Afin de gérer au mieux les différents projets RPA dans les différents métiers, et de mutualiser les expertises associées, nous recommandons de mettre en place un Centre de compétences dédié avec des business analysts et experts processus, pour cartographier l’existant et définir la cible métier, ainsi que des experts techniques qui vont répondre aux problématiques d’infrastructure, effectuer le paramétrage des robots et gérer la maintenance. Ce centre adressera toute la chaine de valeur de mise en place d’un projet RPA avec différents niveaux d’offre de services. Le gain est double : développer un vrai savoir-faire interne sur le sujet, un noyau dur qui sensibilisera les équipes au sein de l’établissement, et mutualiser les coûts projet et post phase projet (licences logicielles, infrastructure et expertise).
Un dernier facteur clé de succès : la conduite du changement
En effet, l’automatisation d’une partie des processus engendre des évolutions significatives pour les collaborateurs et doit s’accompagner d’une véritable réflexion sur leurs tâches, leurs missions et leurs compétences. Si l’automatisation permet de renforcer la dimension valeur-ajoutée de leur travail, elle peut aussi faire leur craindre une disparition de leurs tâches et donc de leur emploi. L’évolution d’un mode d’exécution à un mode de réflexion et de support requiert le développement de nouvelles compétences. Cette transformation nécessite donc une communication et un programme d’accompagnement et de formation.

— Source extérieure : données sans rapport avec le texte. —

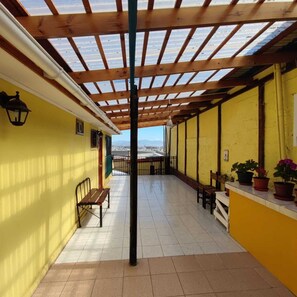 Un balcone coperto con vista sulla città, pareti gialle e piante in vaso.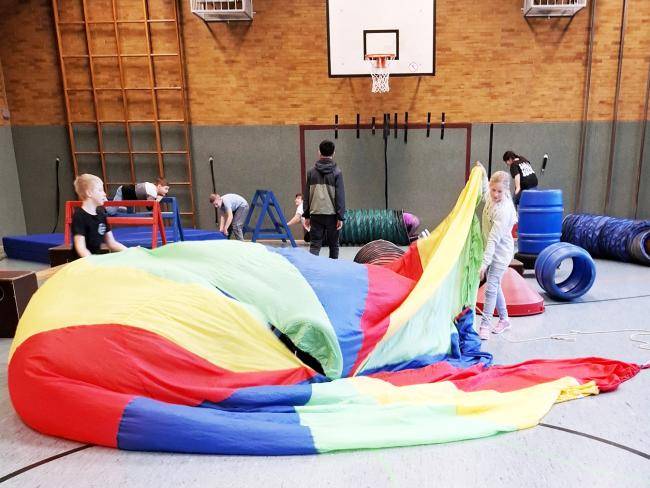 Kinder mit der Elementen der Mobilen Bewegungsbaustelle in der Sporthalle der Böckenheckschule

Cet effort de conduite du changement ne doit pas être sous-estimé en termes de calendrier – changer les « mindsets » prend du temps – et en termes d’investissement – prévoir un budget pour la communication et la formation.
En conclusion, le RPA peut être déployé dans une démarche profitable pour tous, si toutes les dimensions, et notamment humaines, sont bien prises en compte dans le projet.